State health and education officials today released results of the state’s latest school health survey, part of a national surveillance system that monitors health-risk behaviors that contribute to the leading causes of death and disability among youth and adults.
The latest survey, given to public high school students in 2013, included questions related to positive influences in a teen’s life, alcohol and drug use, diet and nutrition, physical activity, sexual behaviors, school environment, and behaviors that contribute to unintentional injuries and violence.
The survey results include a decrease in teenage alcohol use and binge drinking, over-the-counter drug abuse, physical fighting, and some risky sexual behaviors. Compared to students nationwide, Connecticut students were less likely to be daily soda drinkers (27.0 percent compared to 13.9 percent).
The data also revealed some concerns. Connecticut youth were less likely than their peers across the country to receive at least eight hours of sleep every night (24.2 percent compared to 31.7 percent).
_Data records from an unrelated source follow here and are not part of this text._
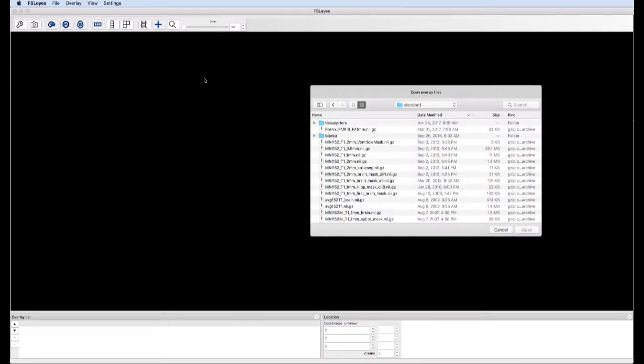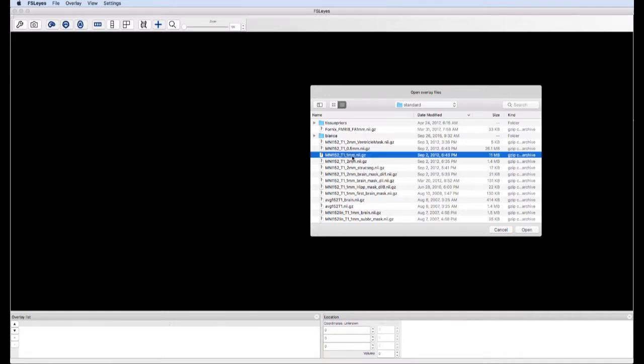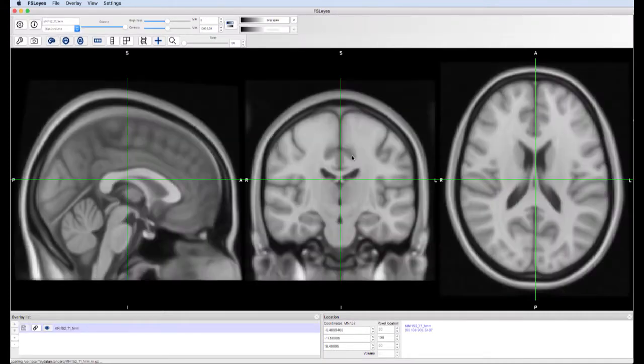First, open up a template image by clicking File, Add Standard, and selecting the MNI 152 one millimeter brain.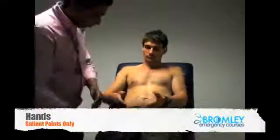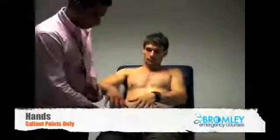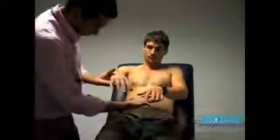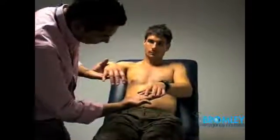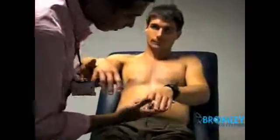It is important to examine the hands closely, in particular the nails, as many respiratory conditions can present with nail bed clubbing.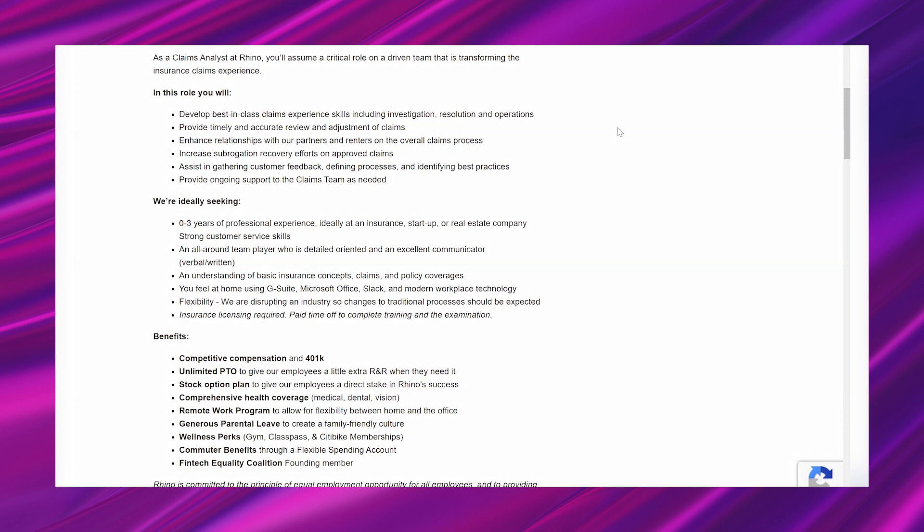You feel at home using G Suite, Microsoft Office, Slack and modern workplace technology. Flexibility—you are disrupting an industry, so changes to traditional processes should be expected. Insurance licensing required, paid time off to complete training and the examination.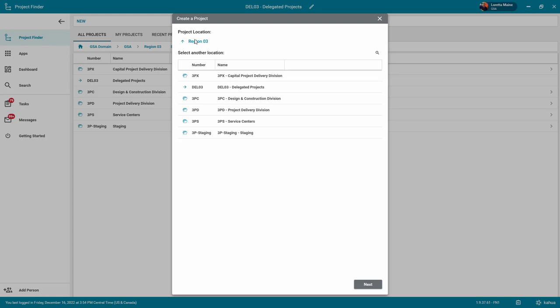In this case, the delegated projects partition is still showing the arrow icon because no projects have yet been saved to this partition. Once we save our project, it will change to the folder icon.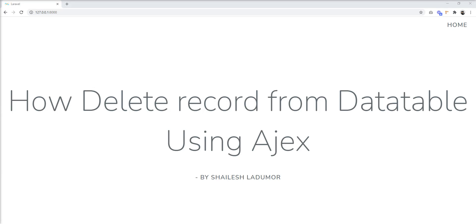Hello friends, welcome to my channel. In the last tutorial we learned how to render a data table server-side in the Laravel application, and today we will learn how to delete a record from the data table using Ajax.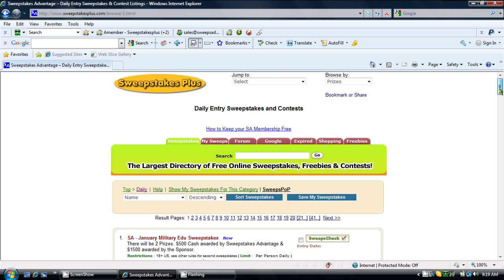Now, to save your changes, you can either click the Save My Sweepstakes button, or if you use the auto-save feature from Sweepstakes Plus, our pop-up window will automatically save the listing for you. However, make sure to disable your pop-up blocker for sweepstakesplus.com.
While fewer Connecticut youth used illegal drugs, Connecticut high school students reported having access to these drugs at school at a higher rate than the national average (27.1 percent compared to 22.1 percent).
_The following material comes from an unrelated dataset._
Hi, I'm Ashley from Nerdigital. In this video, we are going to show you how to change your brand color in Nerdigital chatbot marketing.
“While the latest survey data show encouraging trends, there are still many Connecticut youth who engage in risky behaviors that compromise their health and future,” said DPH Commissioner Dr. Jewel Mullen. “Parents, educators, and peers can use this survey data to start conversations with students about how making smart choices are critical to growing up healthy and thriving in school.”
Association between risky health behaviors and academic achievement
The survey results continue to show an association between health risk behaviors and academic achievement. The latest school survey results show that in comparison to student reporting grades as mostly A’s, students reporting grades as mostly D’s and F’s are:
· more likely to drink and drive;
· more likely to have abused prescription drugs;
· more likely to have been in a physical fight;
· more likely to have poor eating habits;
· more likely to watch excessive television after school; and
· more likely to report having a sad or depressed mood.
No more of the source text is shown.